С 1941 по 1943 год командир бронепоезда «Коломенский рабочий». С 1944 по 1945 начальник штаба управления Командуещего Бронетаковыми и Механизированными войсками 65 армии.
Полковник в отставке, кандидат военных наук.
П. З. Горелик — составитель ряда посмертных сборников стихотворений Бориса Слуцкого, в том числе неопубликованного творческого наследия поэта, а также литературоведческих и биобиблиографических работ о нём. Среди них — «Теперь Освенцим часто снится мне» (СПб: Журнал «Нева», 1999), «О других и о себе» (М.: Вагриус, 2005), «Борис Слуцкий: Воспоминания современников» (СПб: Журнал «Нева», 2005). Опубликовал воспоминания, рассказы, публицистические произведения
Умер в феврале 2015 года в Санкт-Петербурге.
Путь гуманиста из 45-го в 2015-й
В Петербурге умер 97-летний Пётр Горелик – легенда литературного мира
24.02.2015
Полковник, ветеран Великой Отечественной войны. Родился в Харькове в 1918 году. С детства тянулся к литературе, к поэзии. Ещё бы! С пятого класса он дружил с Борисом Слуцким и Михаилом Кульчицким. Но перед войной юноша выбрал нужную тогда военную профессию. Учился на офицера. Потом служил, потом под Москвой обучал безоружных студентов-юристов, которых бросали на наступающих немцев, вооружив палками. Потом воевал до победы, получил назначение в академию, после окончания которой до преклонных лет обучал офицеров. То есть, вся жизнь была отдана защите Родины. Очень уязвимому Отечеству. Это был осознанный выбор, может быть не очень понятный нам сейчас, но ясный для ребят 1918 года рождения.
Иногда можно увидеть невооруженным глазом, что талант - это дар Божий. Пётр Горелик был блистательно литературно одарен, прозаик от Бога. Это очень редкий случай. Произошло чудо. Пётр Горелик стал писателем в старости. Старость – это нелегкое бремя, но это и драгоценное время.

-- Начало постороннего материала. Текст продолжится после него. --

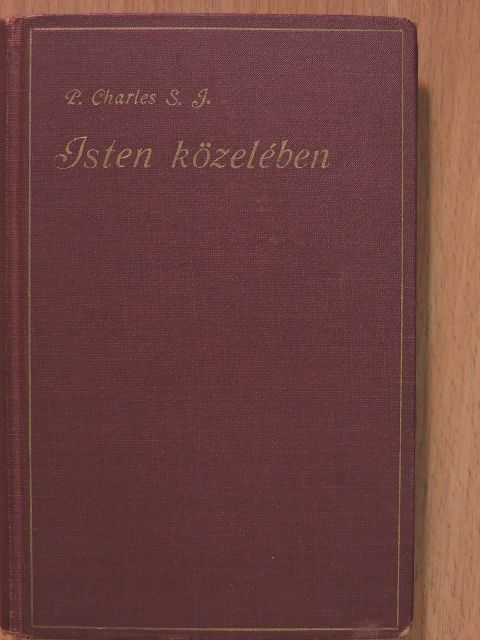 P. Charles - Isten közelében II. [antikvár]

Для талантливого человека, волевого, по-военному требовательного к себе – это была возможность писать.
И он продержался почти до 98 лет. Работал, не покладая рук, закрепляя на бумаги то, что помнил, возможно, только он один, не давая исчезнуть людям, которые были ему интересны и дороги, опыту, который так дорого ему достался. Это была работа не мемуариста, а художника, он рисовал. Читая его, вспоминаешь очень хорошее кино. Недаром в последние годы он осваивал ремесло сценариста. Хотел сделать фильм о войне. У него бы получилось. Есть такие люди, у которых все получается. Как правило, они очень скромны и трудолюбивы.

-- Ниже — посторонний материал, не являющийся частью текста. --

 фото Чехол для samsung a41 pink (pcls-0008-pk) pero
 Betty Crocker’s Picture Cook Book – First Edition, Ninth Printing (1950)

Если бы Пётр Захарович Горелик, вообще, ничего не сделал бы в русской литературе, он бы всё равно в ней остался благодаря одной только фразе его друга, великого русского поэта, Бориса Слуцкого. В состоянии тяжелейшей депрессии он сказал: «Никого не хочу видеть, только Петю Горелика и Дезика» (Давида Самойлова). Мне посчастливилось, я был знаком с Петром Захаровичем в последние 15 лет его жизни. Я не знал его, когда он был военным и завкафедрой, я знал его тогда, когда он становился и стал литератором. Повторюсь, у него была отлично поставлена рука. Недаром он дружил с хорошими писателями - с Павлом Коганом, Михаилом Кульчицким, Семёном Гудзенко, с Еленой Ржевской, Давидом Самойловым, Борисом Слуцким, Александром Володиным. Он знал, как делать прозу. Знал, как работать с текстом.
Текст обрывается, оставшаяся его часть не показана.